Dataset extract Block Start

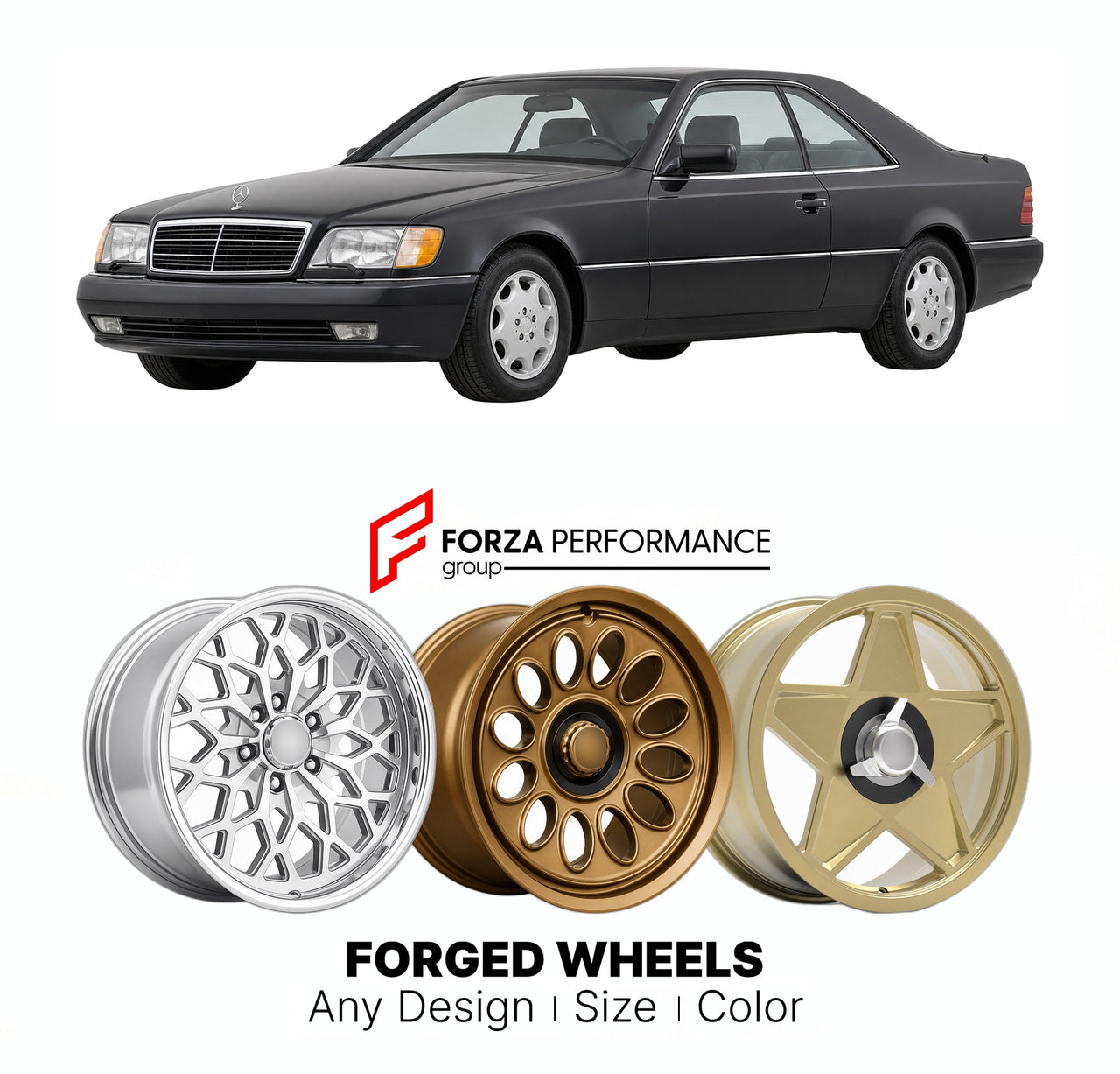 CUSTOM CLASSIC VINTAGE RESTOMOD RETRO OLD SCHOOL FORGED WHEELS RIMS for MERCEDES-BENZ S-CLASS C140 SEC CL-CLASS 1992 - 1999

Custom forged wheels for Mercedes-Benz S-Class C140 SEC CL-Class 1992 - 1999. Classic, vintage, restomod wheel designs made to order in custom sizes, offsets, colors and finishes.

We manufacture premium quality forged wheels rims for Mercedes-Benz S-Class C140 SEC CL-Class 1992 - 1999 in any design, size, color.

THIS WHEEL DESIGN CAN BE CUSTOM-MADE FOR YOUR CAR IN ANY SIZE AND COLOR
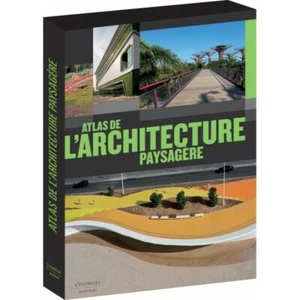 Atlas de l'architecture paysagère - Citadelles & Mazenod - Imagen 1 de 13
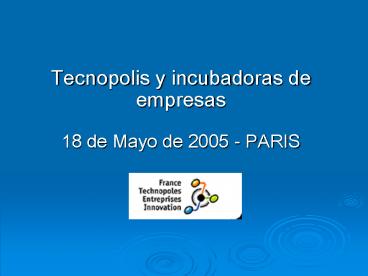 Tecnopolis y incubadoras de empresas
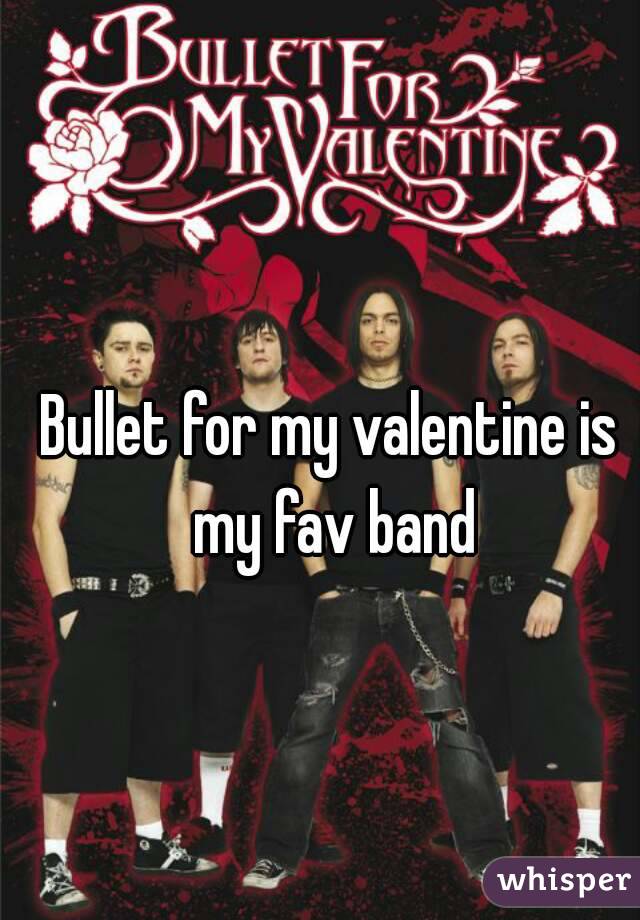 Bullet for my valentine is my fav band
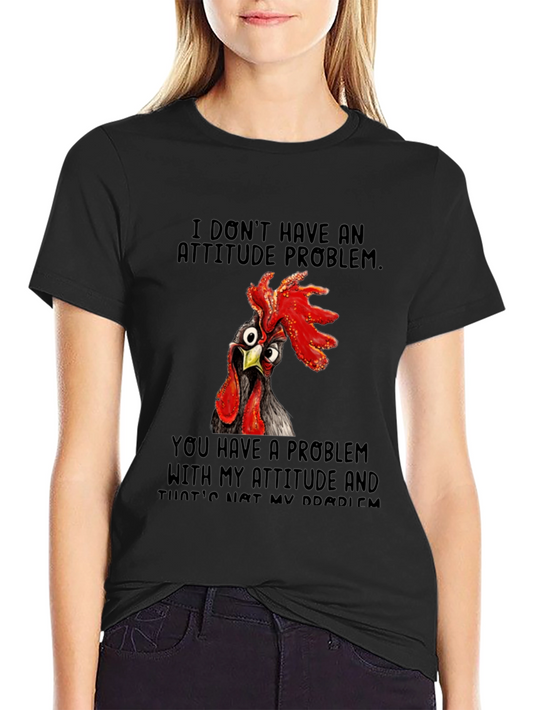 Funny Chicken Attitude T-Shirt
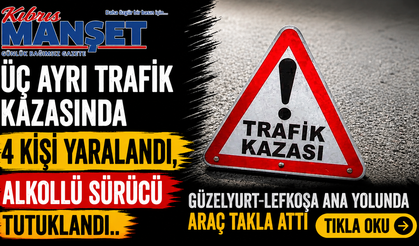 Üç ayrı trafik kazasında 4 kişi yaralandı, alkollü sürücü tutuklandı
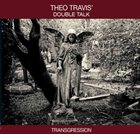 THEO TRAVIS Transgression album cover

Dataset extract Block End

Description of the task:
Copy exactly, and only, the lines running from the one containing "THIS WHEEL DESIGN" through the final line of the data, and omit the pictures.

Answer for the task:
THIS WHEEL DESIGN CAN BE CUSTOM-MADE FOR YOUR CAR IN ANY SIZE AND COLOR
 Atlas de l'architecture paysagère - Citadelles & Mazenod - Imagen 1 de 13
 Tecnopolis y incubadoras de empresas
 Bullet for my valentine is my fav band
 Funny Chicken Attitude T-Shirt
 Üç ayrı trafik kazasında 4 kişi yaralandı, alkollü sürücü tutuklandı
 THEO TRAVIS Transgression album cover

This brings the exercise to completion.